◆ The problem ◆
Down to the last line, print the data that follows exactly, without its pictures.

◆ Given material ◆
* * * * * * *

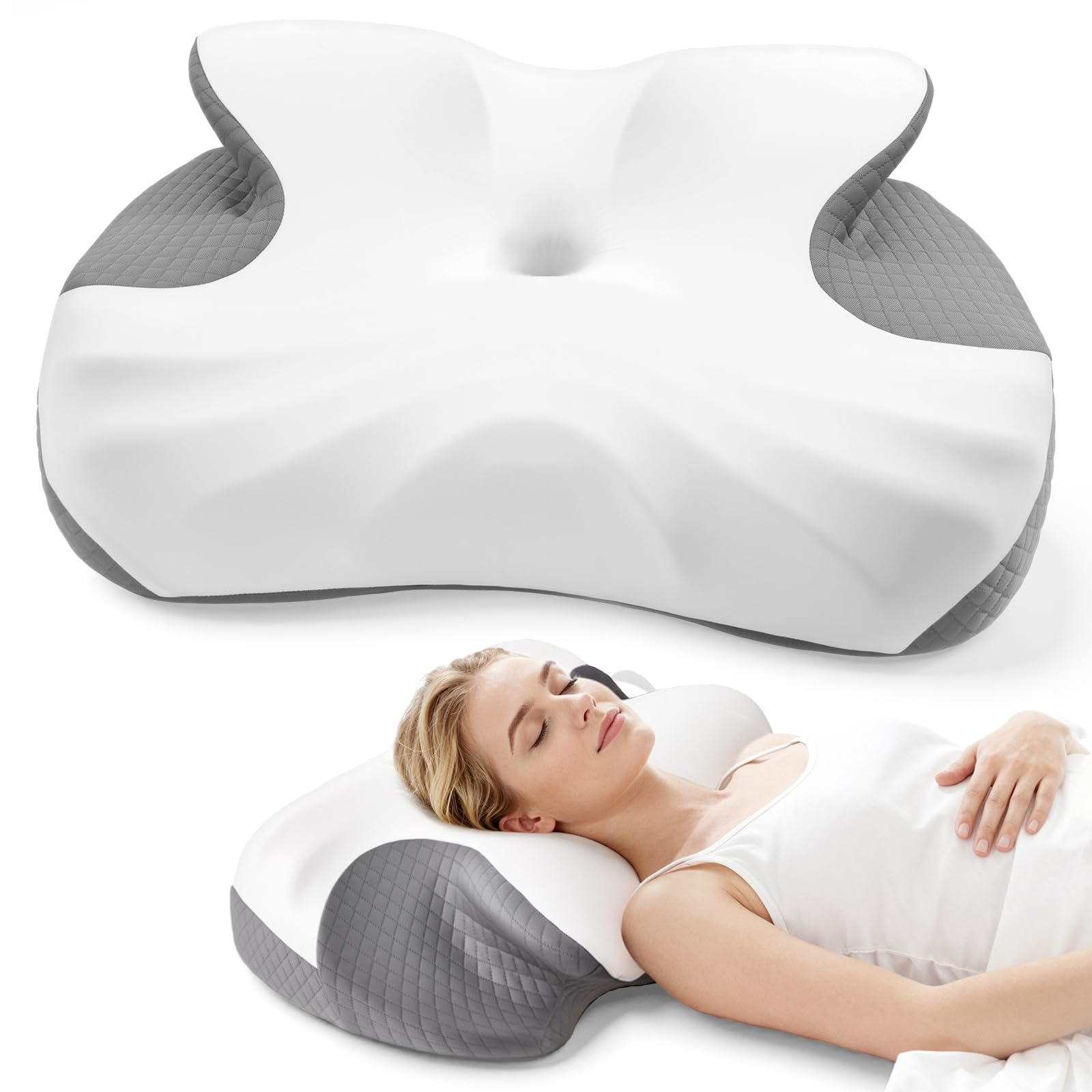 JKNJKN Cervical Neck Pillow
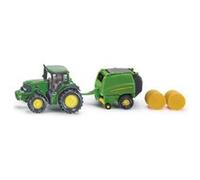 siku- sieper gmbh - tracteur jd+balles 1/64 G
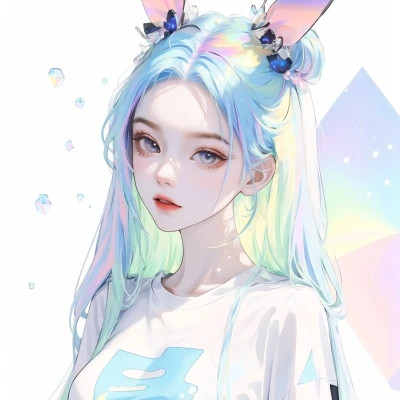 女生头像图片ai高清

* * * * * * *

◆ Answer for the task ◆
 JKNJKN Cervical Neck Pillow
 siku- sieper gmbh - tracteur jd+balles 1/64 G
 女生头像图片ai高清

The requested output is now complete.